• **EXERCISE DIRECTIONS**:
Going from the top of the data below, give again each line through the one containing "Allie Rose Long", both ends kept.
-- STUDY MATERIAL follows --
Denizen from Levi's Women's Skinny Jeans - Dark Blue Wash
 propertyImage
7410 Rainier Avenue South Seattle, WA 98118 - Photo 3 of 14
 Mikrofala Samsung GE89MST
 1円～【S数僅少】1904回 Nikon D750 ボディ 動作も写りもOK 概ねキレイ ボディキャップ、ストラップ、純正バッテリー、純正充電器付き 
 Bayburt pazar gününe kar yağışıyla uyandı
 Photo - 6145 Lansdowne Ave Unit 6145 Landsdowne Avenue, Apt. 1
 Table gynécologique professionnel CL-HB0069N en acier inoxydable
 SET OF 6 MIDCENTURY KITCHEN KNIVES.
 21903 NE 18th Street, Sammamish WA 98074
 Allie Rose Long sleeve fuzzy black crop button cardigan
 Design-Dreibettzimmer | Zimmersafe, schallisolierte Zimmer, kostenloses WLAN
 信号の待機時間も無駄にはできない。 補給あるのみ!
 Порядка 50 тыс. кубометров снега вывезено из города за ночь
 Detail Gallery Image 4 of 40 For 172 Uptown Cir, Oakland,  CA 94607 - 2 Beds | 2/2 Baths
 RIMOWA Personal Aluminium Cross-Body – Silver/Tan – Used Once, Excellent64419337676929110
-- STUDY MATERIAL concluded --
• **TASK RESULT**:
Denizen from Levi's Women's Skinny Jeans - Dark Blue Wash
 propertyImage
7410 Rainier Avenue South Seattle, WA 98118 - Photo 3 of 14
 Mikrofala Samsung GE89MST
 1円～【S数僅少】1904回 Nikon D750 ボディ 動作も写りもOK 概ねキレイ ボディキャップ、ストラップ、純正バッテリー、純正充電器付き 
 Bayburt pazar gününe kar yağışıyla uyandı
 Photo - 6145 Lansdowne Ave Unit 6145 Landsdowne Avenue, Apt. 1
 Table gynécologique professionnel CL-HB0069N en acier inoxydable
 SET OF 6 MIDCENTURY KITCHEN KNIVES.
 21903 NE 18th Street, Sammamish WA 98074
 Allie Rose Long sleeve fuzzy black crop button cardigan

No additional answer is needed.